Eric eating the highly demanded fried chicken from Champy’s Famous Fried Chicken in Muscle Shoals, Alabama
The place has that old Mississippi Delta heartbeat to it. A juke joint, right here in Muscle Shoals. Wade grew up in Memphis and the Delta, where hot tamales, cold beer, and fried chicken weren’t just food — they were a way of life.
“I moved here in 2006 with my wife,” Wade says. “And I just knew the Shoals needed something like this. A juke joint — old Mississippi Delta style. Fried chicken, hot tamales, cold beer, live music. That’s what it’s all about.”
And that’s exactly what it is. For fourteen years, Champy’s has been dishing up fresh, never-frozen Southern comfort and giving local musicians a home stage.
“We’d be foolish to come to Muscle Shoals and not tie in with the music scene — the greatest in the world,” Wade says. “So we built relationships with the musicians, and here’s what you see. Fried chicken, cold beer, and live music. You can’t beat it.”
The menu’s simple on purpose. Fried chicken. Catfish. Wings. Tamales. Everything fresh, nothing frozen. “Our chicken’s hand-marinated for twenty-four hours in our own recipe, then breaded and fried to order. You can taste the difference,” Wade explains.

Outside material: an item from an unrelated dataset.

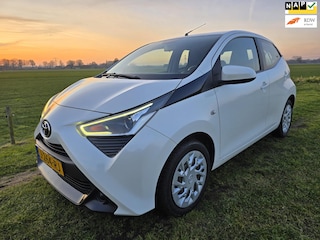 Toyota Aygo 1.0 VVT-i x-play|Parkeercamera|Bluetooth|Carplay|NAP!|Airco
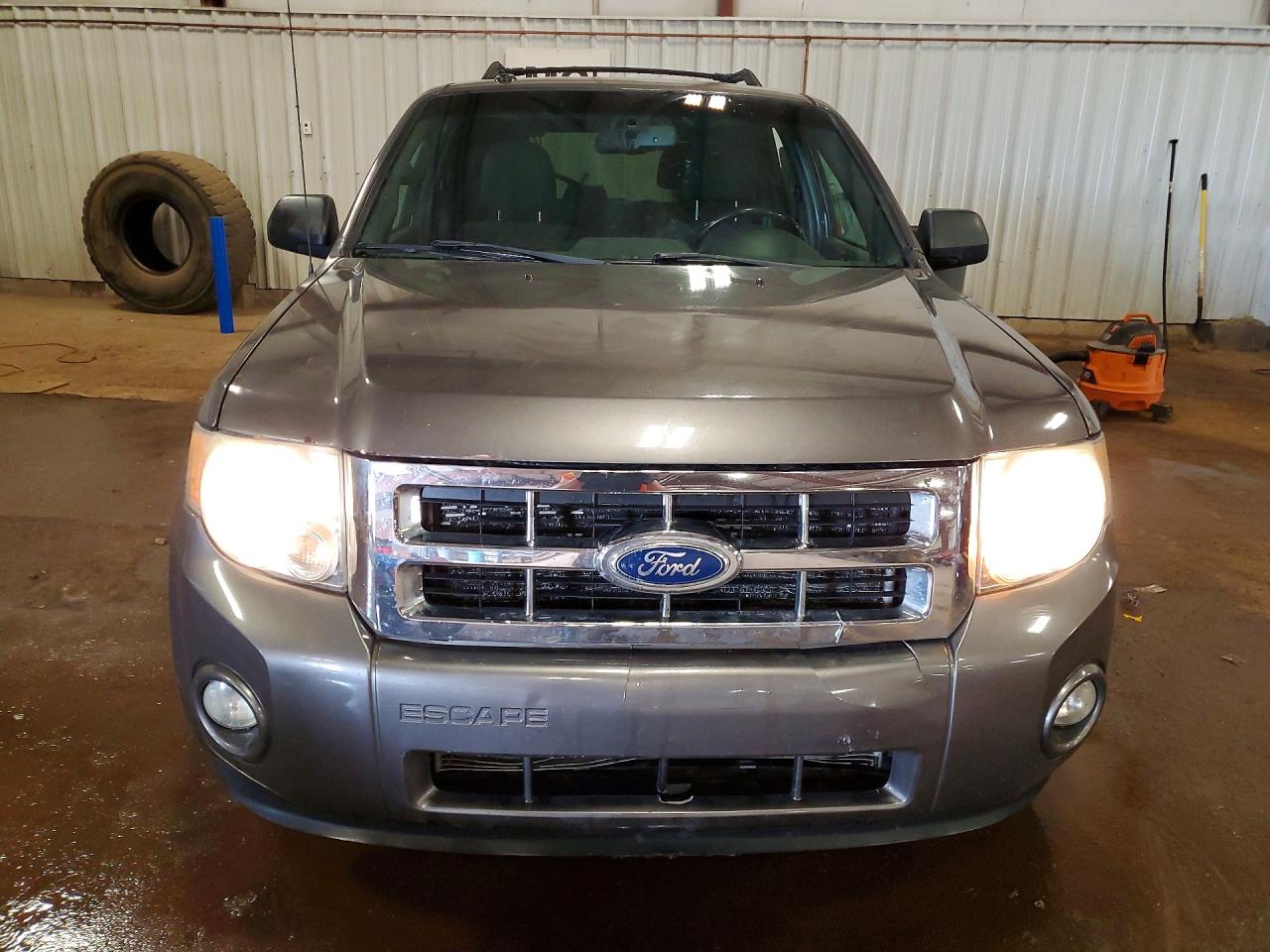 2011 FORD ESCAPE XLT photo 5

The catfish comes Mississippi-style — hand-breaded, fried golden, served with homemade tartar and slaw. The wings are local legends. “Fresh jumbo wings — never frozen. We smoke ‘em over hickory, flash fry ‘em, and toss ‘em in one of our sauces: homemade buffalo or Mississippi Delta Sweet Heat. They’ve won Best of Wings in Chattanooga and Muscle Shoals more than once. We sell a ton,” Wade says.
And then there are the hot tamales — the kind you can’t find anywhere else. “It’s a sixty-year-old recipe from the Mississippi Delta,” Wade says. “Hand-rolled. Served with slaw and crackers. It’s not a Mexican thing — it’s a Mississippi Delta thing.”
When they first opened, people thought Wade was crazy. “Everybody said it’d never work. ‘You don’t have a burger? You don’t have this or that?’ Nope. We do fried chicken, catfish, wings, and tamales. That’s it. That’s what we do.”
Fourteen years later, Champy’s Fried Chicken in Muscle Shoals is still right here — same spot, same heart, same recipes that made folks fall in love the first time.
If you sit down on a Friday night, Wade will tell you exactly what to order. “You gotta try some fried chicken — both white and dark. Some baked beans, slaw, hot tamales, wings, Delta fried green tomatoes — and don’t leave without my wife’s banana pudding. It’s unbelievable.” He laughs when asked about hot chicken. “We got our own hot,” he says. “Our own hot breading recipe. It’s spicy — pretty hot — but it’s good.”
By the end of the night, the music’s rolling, plates are clean, and the air hums with that easy Shoals rhythm. It’s not just a restaurant. It’s a story — fried, sung, and served with a side of Mississippi Delta soul.